5.1 Opinion of St. John & Wayne
23.1 Consent of Richard A. Eisner & Company,
LLP Independent Auditors
23.2 Consent of St. John & Wayne
(included in Exhibit 5.1)
24.1 Power of Attorney (included on the signature II-4
page hereof)
<PAGE>
Exhibit 5.1
[LETTERHEAD OF ST. JOHN & WAYNE, L.L.C.]
June 18, 1997
Unapix Entertainment, Inc.
200 Madison Avenue
New York, New York 10016
RE: UNAPIX ENTERTAINMENT, INC. FORM S-3 REGISTRATION
STATEMENT COVERING 4,245,975 AND SHARES OF COMMON STOCK AND
156,718 CLASS B REDEEMABLE COMMON STOCK PURCHASE WARRANTS
-----------------------------------------------------------
Dear Sir or Madam:
We have acted as counsel for Unapix Entertainment, Inc., a Delaware
corporation (the "Company"), in connection with the preparation and filing by
the Company of the captioned Registration Statement on Form S-3 filed under the
Securities Act of 1933, as amended (the "Act") (the "Registration Statement").
In that connection, we have examined the Articles of Incorporation and
By-laws of the Company, the minutes of the various meetings and consents of the
Board of Directors of the Company, originals or copies of all such records of
the Company, agreements, certificates of public officials, certificates of
officers and representatives of the Company and others, and such other
documents, certificates, records, authorizations, proceedings, statutes and
judicial decisions as we have deemed necessary to form the basis of the opinion
expressed below.

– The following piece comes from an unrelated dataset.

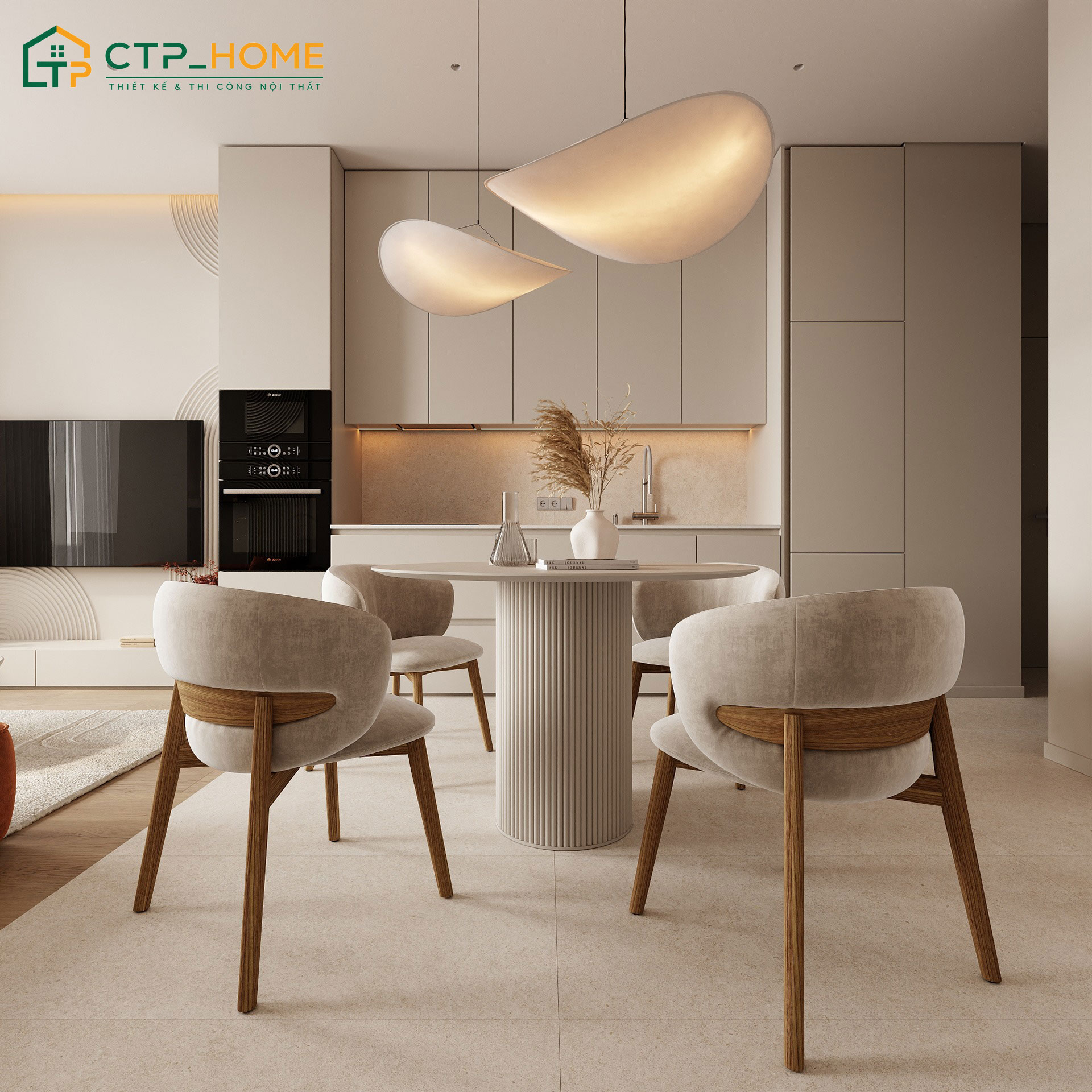 Mẫu thiết kế bếp ăn chung cư tối giản sẽ phù hợp với những gia đình yêu thích nét đẹp dịu nhẹ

In such examination, we have assumed the genuineness of all
signatures, the authenticity of all documents submitted to us as originals and
the conformity to originals of all documents submitted to us as copies thereof.

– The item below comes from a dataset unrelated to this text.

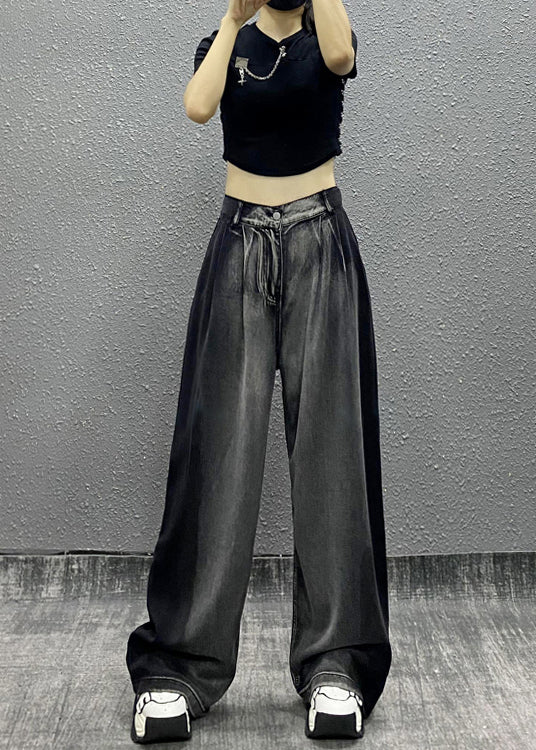 Black Grey Pockets Patchwork Denim Wide Leg Pants Spring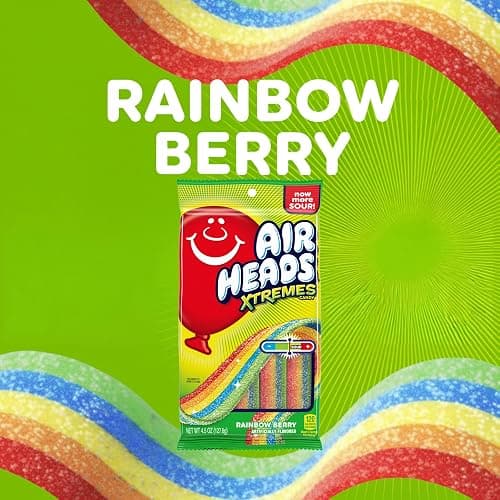 Airheads Xtremes Belts Candy, Rainbow Berry, 4.5 Ounces (12-Pack) | Individually Wrapped Bulk Chewy Candy, Artificially Flavored thumbnail 3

As to various questions of fact material to such opinion, we have relied upon
statements and certificates of officers and representatives of the Company and
others.
<PAGE>
ST.JOHN & WAYNE, L.L.C.
Unapix Entertainment, Inc.
June 18, 1997
Page 2
Based upon the foregoing, we are of the opinion that:
1. The Company has been duly organized and is validly existing as a
corporation under the laws of the State of Delaware.

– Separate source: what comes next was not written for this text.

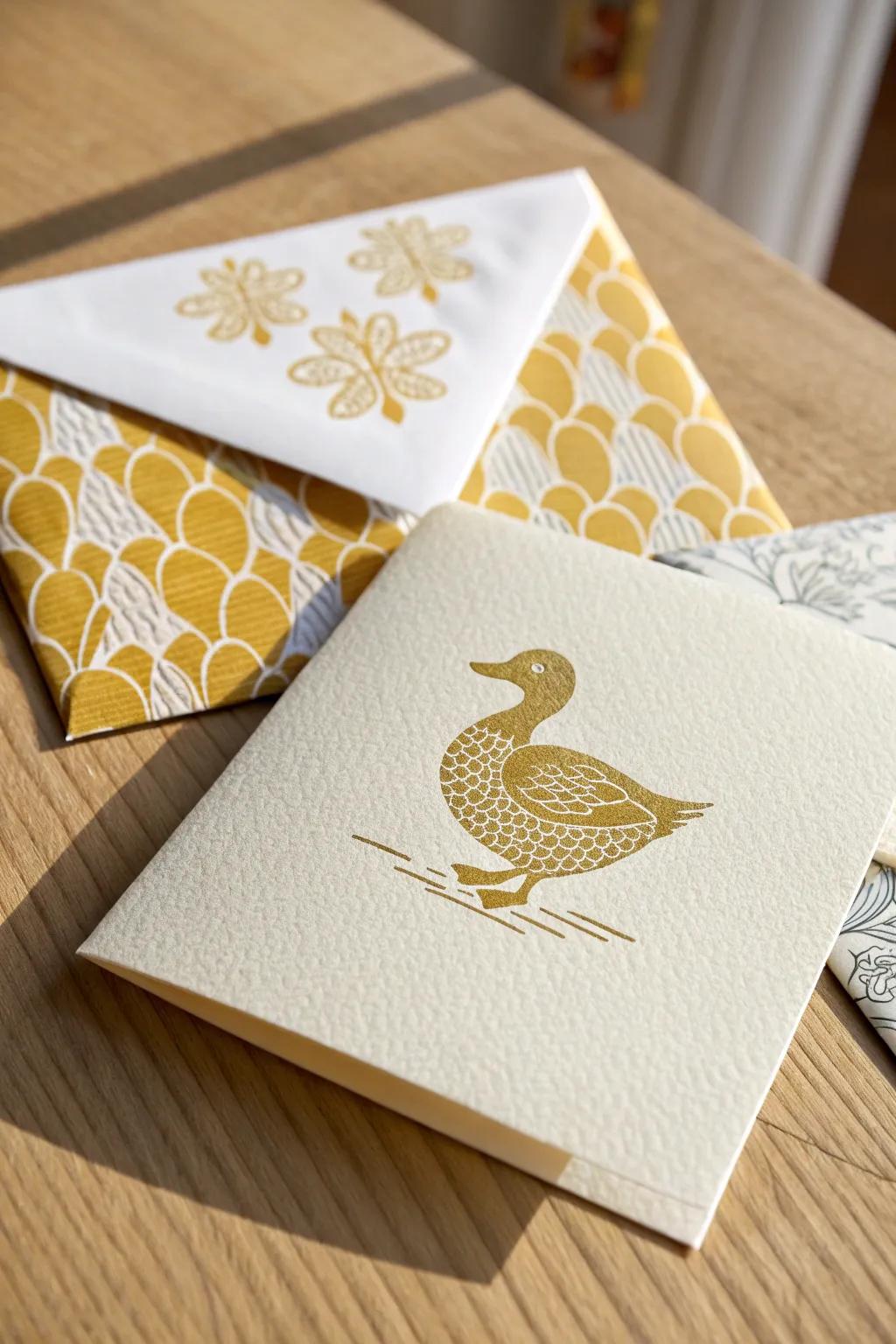 Send a splash of joy with these charming duck-themed notecards!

2. The issuance, sale and delivery of the Common Stock and the Class B
Redeemable Common Stock Purchase Warrants offered pursuant to the prospectus
forming a part of the Registration Statement have been duly authorized by all
requisite corporate action of the Company, and when so issued (to the extent not
issued on or prior to the date hereof), sold and delivered, and upon receipt of
payment therefor, will be validly issued and outstanding, fully paid and
non-assessable.
We hereby consent to the use of this opinion as an exhibit to the
Registration Statement, and to the reference to our firm under the caption
"Legal Matters" in the Prospectus comprising a part of the Registration
Statement.
By giving the foregoing consent, we do not admit that we come within the
category of persons whose consent is required under Section 7 of the Act or are
otherwise within the category of persons described in Section 11(a)(4) of the
Act.
Very truly yours,
ST. JOHN & WAYNE, L.L.C.
<PAGE>
EXHIBIT 23.1
CONSENT OF INDEPENDENT AUDITORS
We consent to the incorporation by reference in this Registration Statement
on Form S-3 of our report dated March 5, 1997 which appears on Page F-1 of the
annual report on Form 10-KSB of Unapix Entertainment, Inc. and subsidiaries for
the year ended December 31, 1996 and to the reference to our firm under the
caption "Experts" in the prospectus.